[Task to carry out]
Print each entry as it appears. Images stay out of the copy.

[Information given]
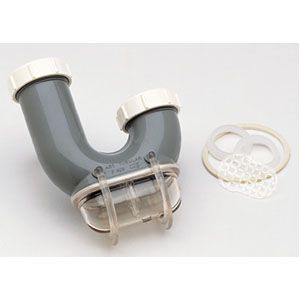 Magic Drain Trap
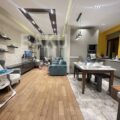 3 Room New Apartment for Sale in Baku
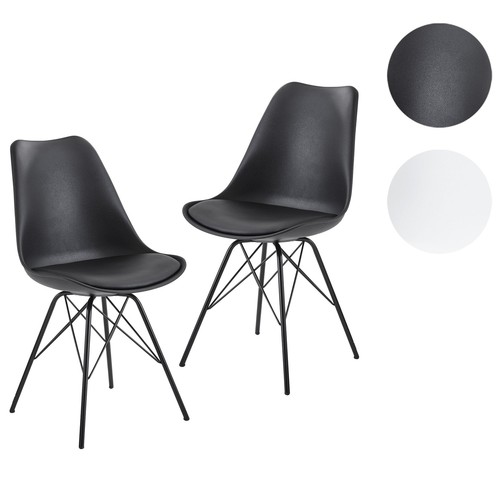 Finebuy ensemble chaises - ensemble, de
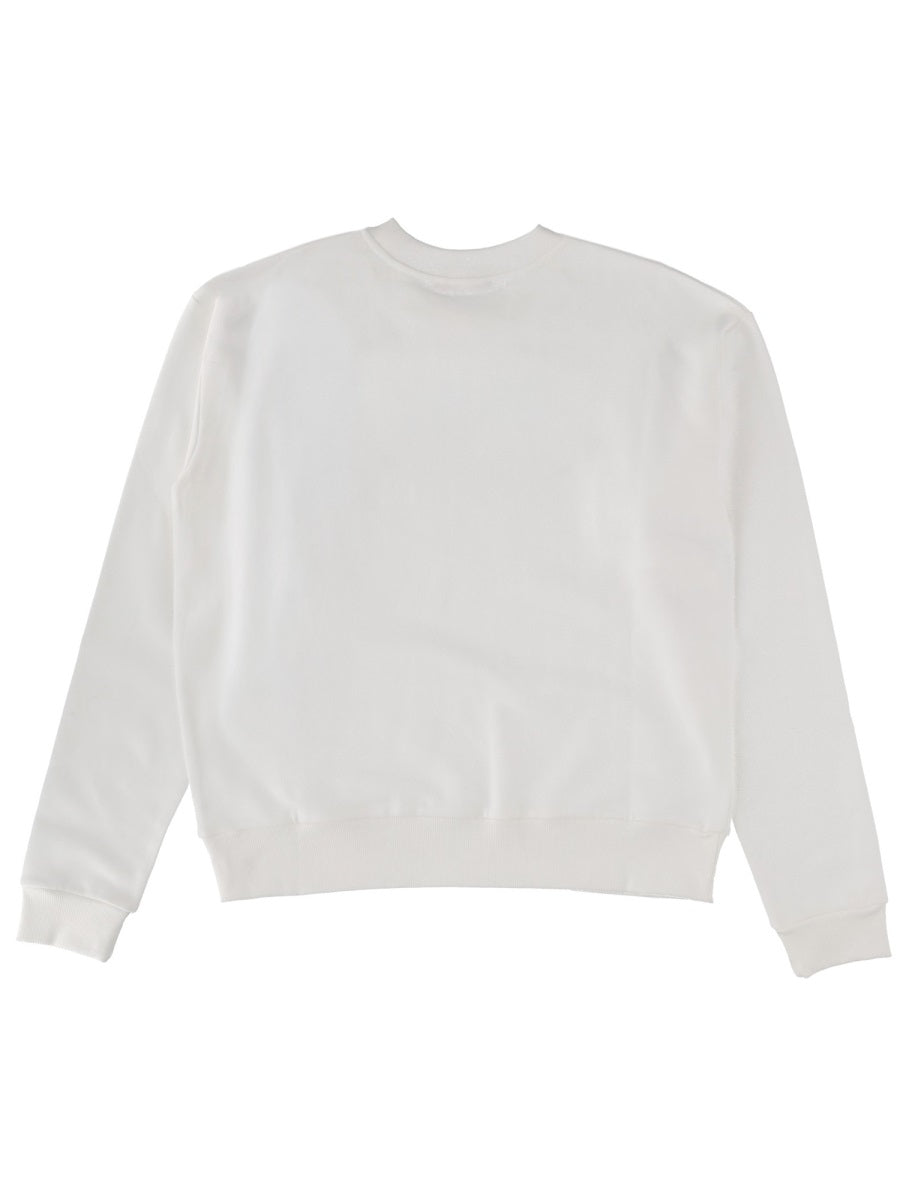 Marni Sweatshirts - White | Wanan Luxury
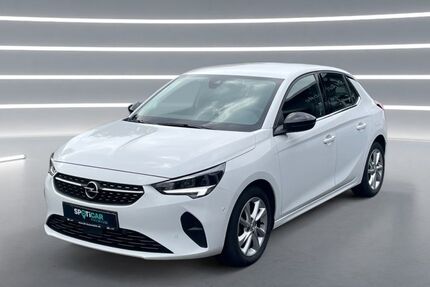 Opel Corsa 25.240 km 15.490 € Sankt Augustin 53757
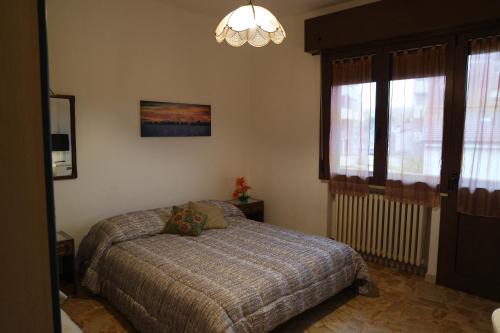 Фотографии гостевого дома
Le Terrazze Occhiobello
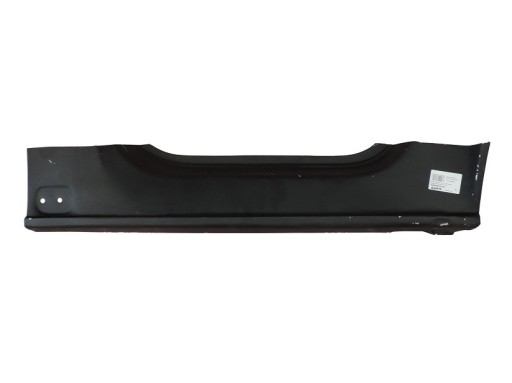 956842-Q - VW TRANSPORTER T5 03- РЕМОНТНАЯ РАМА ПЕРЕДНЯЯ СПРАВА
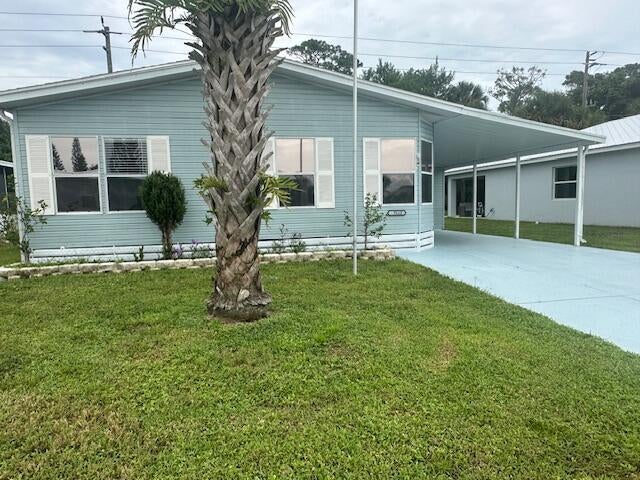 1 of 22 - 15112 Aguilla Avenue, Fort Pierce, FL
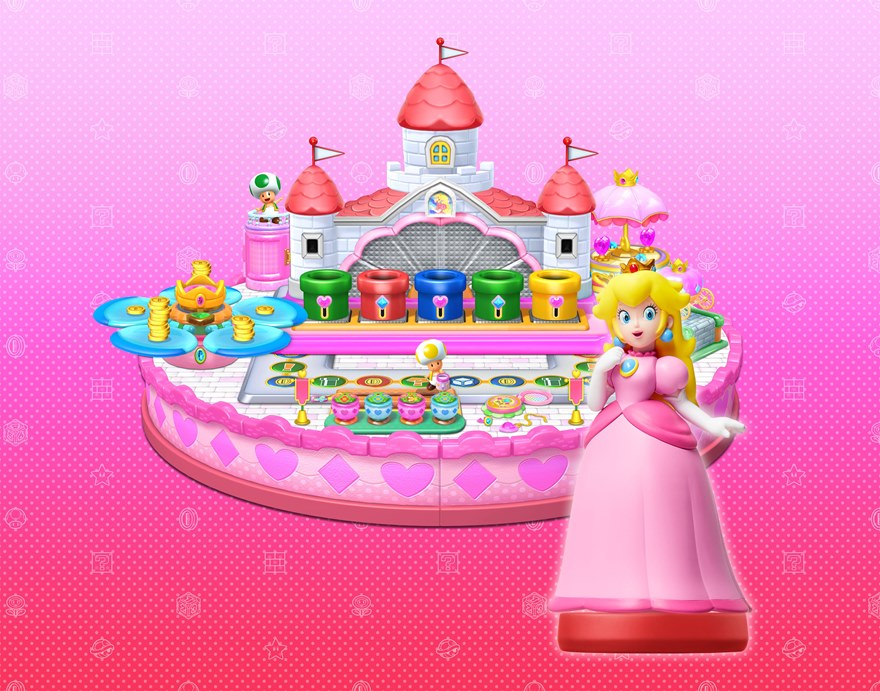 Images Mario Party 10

[Output of the exercise]
 Magic Drain Trap
 3 Room New Apartment for Sale in Baku
 Finebuy ensemble chaises - ensemble, de
 Marni Sweatshirts - White | Wanan Luxury
 Opel Corsa 25.240 km 15.490 € Sankt Augustin 53757
 Фотографии гостевого дома
Le Terrazze Occhiobello
 956842-Q - VW TRANSPORTER T5 03- РЕМОНТНАЯ РАМА ПЕРЕДНЯЯ СПРАВА
 1 of 22 - 15112 Aguilla Avenue, Fort Pierce, FL
 Images Mario Party 10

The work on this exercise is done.